The stern voice returned, "O.K Rodeo 6-1, there's a situation developing – standby."

Worozs turned, they were inches apart as Nicole leaned on her knees to stretch her back. She said, "a situation? Has command run out of ass wipe again?" Worozs smile gleamed briefly.

"Periscope!" Green said with alarm. "Am I imagining this?!"

Nicole and Worozs moved to glue their eyes to their optics. Figures in rags were moving about 100 feet from the Boxer, they moved low and kept to the dips alongside the road. They were too close to have come from the transports, which was worrying.

"I'm gonna stick a flare up," Nicole said as she reached behind her for the control panel.

A flare went out, the small mote of red light blossomed into a harsh brilliance. The ice fields nearby the Boxer held dozens of brown coated ghouls, they carried rifles with curved magazines and wore little caps with fur on the sides.

Automatically the engine revved several times as the transmission clunked into reverse. The chain-wrapped wheels skidded a bit as they struggled to grip. Green had acted before being given the order, Nicole had it primed on the tip of her tongue.

As she grasped the radio she said, "keep the creeps off us, Worozs!"

The cannon burped shellfire, sending the rag-wearing ghouls scattering. Three leapt onto the road with a long bazooka and were cut in half by 50mm rounds.

Nicole gripped the radio as the Boxer wobbled with an explosion, "Rodeo 6-1 to Control, we've got hostiles all around us. Infantry with small-arms, grenades and rocket launchers, please advise, over!"

Worozs was pouring out fire so continuously that it felt as though there were no pauses in-between bursts. There was a light support laser weapon mounted next to the main weapon, it fired belts of red, turning the ghouls that moved in the ice fields into seared meat.

The radio crackled as a bump in the road lifted her off her seat, "Rodeo 6-1, fall back to base – on the double!"

Nicole said, "copy, ETA five mikes. Out."

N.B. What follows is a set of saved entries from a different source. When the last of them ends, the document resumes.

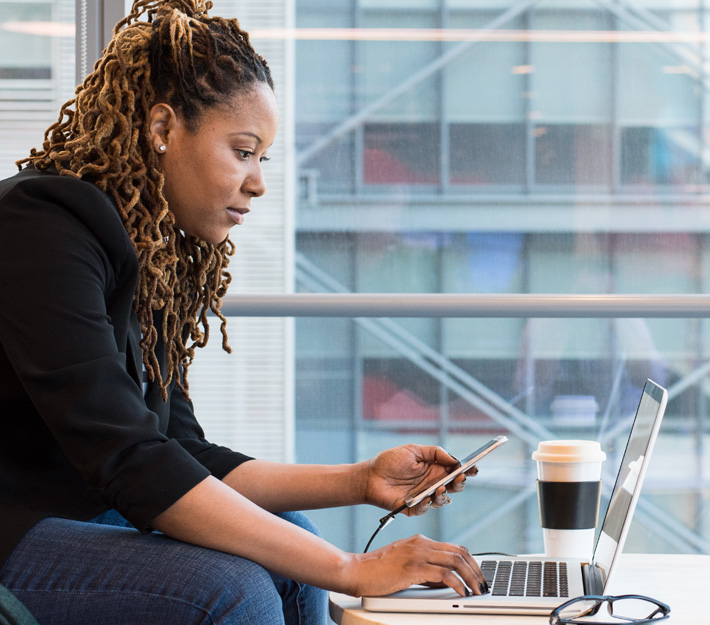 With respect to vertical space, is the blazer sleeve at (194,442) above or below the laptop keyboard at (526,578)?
above

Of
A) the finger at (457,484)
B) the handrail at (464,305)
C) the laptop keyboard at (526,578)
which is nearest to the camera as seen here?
the laptop keyboard at (526,578)

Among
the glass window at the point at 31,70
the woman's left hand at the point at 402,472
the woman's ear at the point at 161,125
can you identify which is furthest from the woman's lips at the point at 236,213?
the glass window at the point at 31,70

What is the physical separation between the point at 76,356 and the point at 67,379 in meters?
0.03

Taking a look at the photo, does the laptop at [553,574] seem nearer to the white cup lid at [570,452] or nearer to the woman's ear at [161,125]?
the white cup lid at [570,452]

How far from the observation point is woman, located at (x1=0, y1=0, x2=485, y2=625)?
0.96 m

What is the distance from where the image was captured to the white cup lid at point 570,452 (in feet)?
4.10

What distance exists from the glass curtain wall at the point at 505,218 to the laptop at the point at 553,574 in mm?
949

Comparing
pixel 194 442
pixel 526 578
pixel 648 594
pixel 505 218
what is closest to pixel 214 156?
pixel 194 442

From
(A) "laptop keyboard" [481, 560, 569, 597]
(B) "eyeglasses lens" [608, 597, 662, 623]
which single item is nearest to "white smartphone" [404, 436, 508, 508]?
(A) "laptop keyboard" [481, 560, 569, 597]

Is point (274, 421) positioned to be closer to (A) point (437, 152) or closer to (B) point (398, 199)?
(B) point (398, 199)

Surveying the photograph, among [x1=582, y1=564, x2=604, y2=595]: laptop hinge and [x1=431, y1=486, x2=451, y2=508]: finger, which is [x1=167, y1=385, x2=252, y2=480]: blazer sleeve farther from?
[x1=582, y1=564, x2=604, y2=595]: laptop hinge

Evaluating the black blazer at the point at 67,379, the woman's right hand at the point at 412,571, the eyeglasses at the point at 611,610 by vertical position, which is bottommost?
the eyeglasses at the point at 611,610

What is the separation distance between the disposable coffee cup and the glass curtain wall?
874mm

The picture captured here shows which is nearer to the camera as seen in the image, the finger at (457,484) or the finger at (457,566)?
the finger at (457,566) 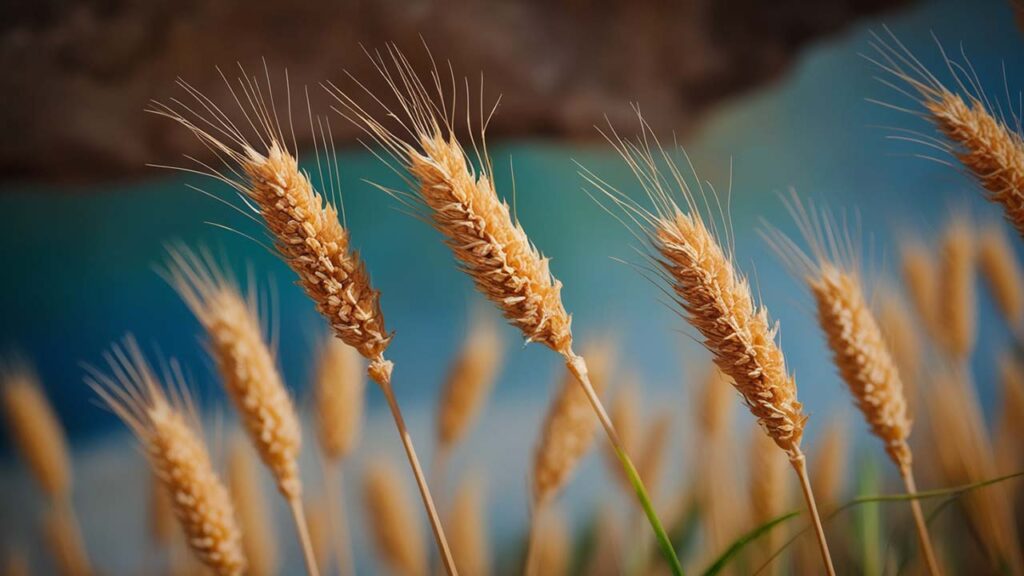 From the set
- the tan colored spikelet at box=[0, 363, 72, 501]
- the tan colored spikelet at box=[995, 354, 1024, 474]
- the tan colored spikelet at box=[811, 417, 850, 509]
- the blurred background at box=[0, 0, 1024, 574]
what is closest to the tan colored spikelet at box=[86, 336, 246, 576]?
the blurred background at box=[0, 0, 1024, 574]

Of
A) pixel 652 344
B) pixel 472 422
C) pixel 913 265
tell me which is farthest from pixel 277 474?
pixel 913 265

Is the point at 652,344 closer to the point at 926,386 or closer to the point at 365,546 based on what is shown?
the point at 926,386

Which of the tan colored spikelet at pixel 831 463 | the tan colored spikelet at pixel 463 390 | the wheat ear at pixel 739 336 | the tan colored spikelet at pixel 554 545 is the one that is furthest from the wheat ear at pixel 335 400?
the tan colored spikelet at pixel 831 463

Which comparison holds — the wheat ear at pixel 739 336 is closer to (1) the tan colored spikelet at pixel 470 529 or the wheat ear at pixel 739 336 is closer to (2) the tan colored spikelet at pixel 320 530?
(1) the tan colored spikelet at pixel 470 529

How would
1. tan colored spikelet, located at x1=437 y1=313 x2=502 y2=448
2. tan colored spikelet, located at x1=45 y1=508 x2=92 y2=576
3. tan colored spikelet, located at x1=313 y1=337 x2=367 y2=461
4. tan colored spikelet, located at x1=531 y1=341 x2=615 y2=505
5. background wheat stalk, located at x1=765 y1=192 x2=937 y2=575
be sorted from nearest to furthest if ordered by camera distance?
background wheat stalk, located at x1=765 y1=192 x2=937 y2=575 → tan colored spikelet, located at x1=531 y1=341 x2=615 y2=505 → tan colored spikelet, located at x1=313 y1=337 x2=367 y2=461 → tan colored spikelet, located at x1=437 y1=313 x2=502 y2=448 → tan colored spikelet, located at x1=45 y1=508 x2=92 y2=576

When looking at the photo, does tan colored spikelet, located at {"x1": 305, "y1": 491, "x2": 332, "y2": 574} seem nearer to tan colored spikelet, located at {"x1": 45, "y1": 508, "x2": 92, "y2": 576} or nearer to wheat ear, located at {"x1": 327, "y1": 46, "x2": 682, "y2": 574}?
tan colored spikelet, located at {"x1": 45, "y1": 508, "x2": 92, "y2": 576}

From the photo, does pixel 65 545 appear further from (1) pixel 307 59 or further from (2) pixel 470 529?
(1) pixel 307 59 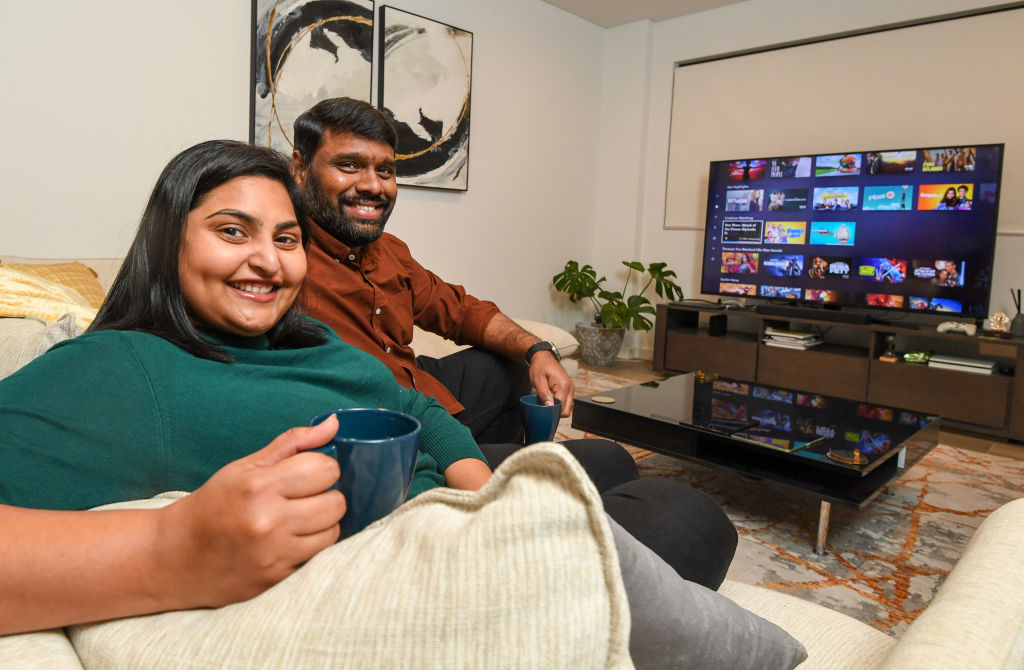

An electronic beep sounded as the gun had depleted its magazine, Worozs and Nicole seamlessly began reloading. Once the shells were in place Worozs started firing again. The vehicle shifted down as their driver backed them into a ditch to do a U-turn. Bullets cracked against the hull in this moment and an explosion sent vibrations through Nicole's chest.

"Sonofabitch!" Green yelled as the clutch grinded and the wheels struggled to gain any traction.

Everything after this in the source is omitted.